New Hampshire recently amended its credit for reinsurance laws for domestic ceding insurers, revising RSA § 405:47 as follows:
“No credit under this section shall be allowed, as an admitted asset or deduction from liability, to any ceding insurer for reinsurance, unless the reinsurance contract provides, in substance, that in the event of the insolvency of the ceding insurer, the reinsurance shall be payable by the assuming insurer on the basis of the claims allowed against the ceding insurer in the insolvency proceedings, under contract or contracts reinsured, without diminution because of the insolvency of the ceding insurer…”

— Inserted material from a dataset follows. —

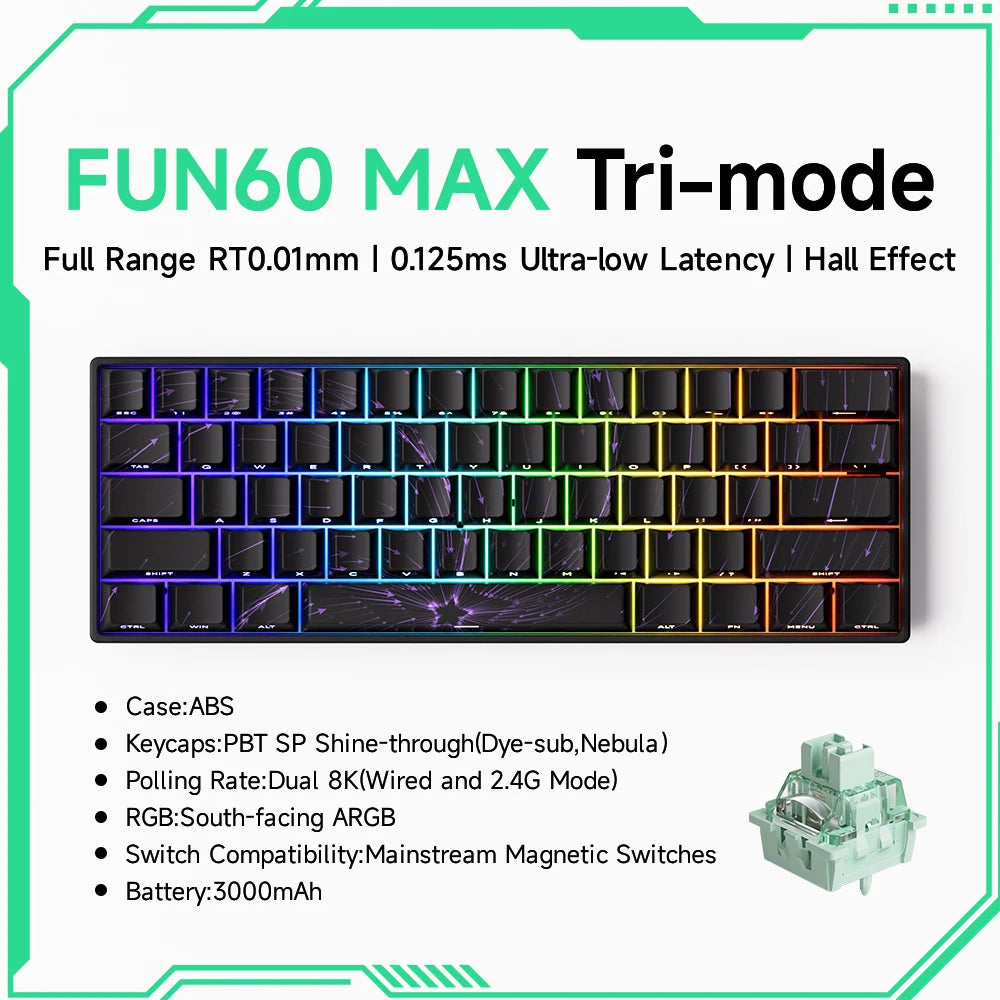 Akko MonsGeek FUN68 FUN60 PRO&MAX  HE Magnetic Keyboard 60% 65% Gaming Keyboards Rapid Trigger 8K Custom Keyboard Gamer Esports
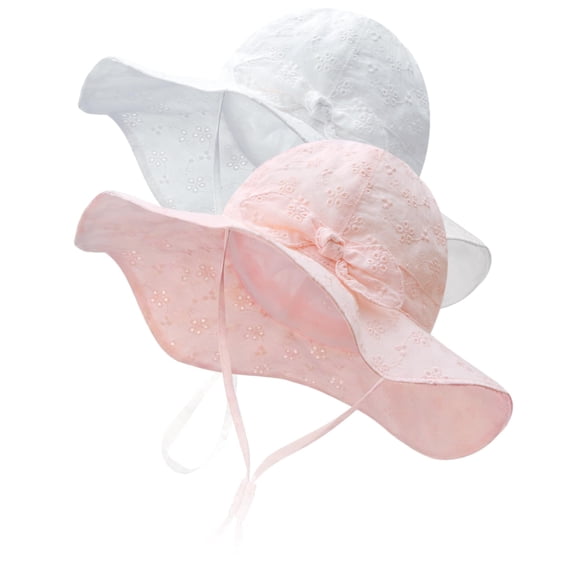 FURTALK 2PC Sun Hat for Baby Girls Toddler Summer Beach Hats with Wide Brim Cotton Sun Protection Travel Essentials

Specific exceptions to the above include so-called cut-through arrangements (where the reinsurer/assuming insurer assumes a domestic cedent’s policy obligations to direct insured(s)) or where the reinsurance agreement expressly provides for another payee of such reinsurance in the event of the insolvency of the cedent. The revised statute further provides that a reinsurance contract may require that the “domiciliary liquidator or receiver” of any insolvent cedent provide written notice to the reinsurer within a specific or reasonable period of time of any claim implicating the reinsurance that is filed in court or with the liquidator/receiver. If, during the pendency of the claim, a reinsurer seeks to investigate the claim and interpose certain defenses on the cedent’s behalf, the reinsurer can intervene in the proceeding in which the claim is pending and assert certain defenses unless barred by the applicable reinsurance agreement. The expenses incurred by the reinsurer in these situations are payable up to the amount of the expenses or amount of the “benefit produced”, whichever is less, as expenses of the receivership. The revised statute has an effective date of July 26, 2016. N.H. HB 1403, Ch. 144, May 27, 2016.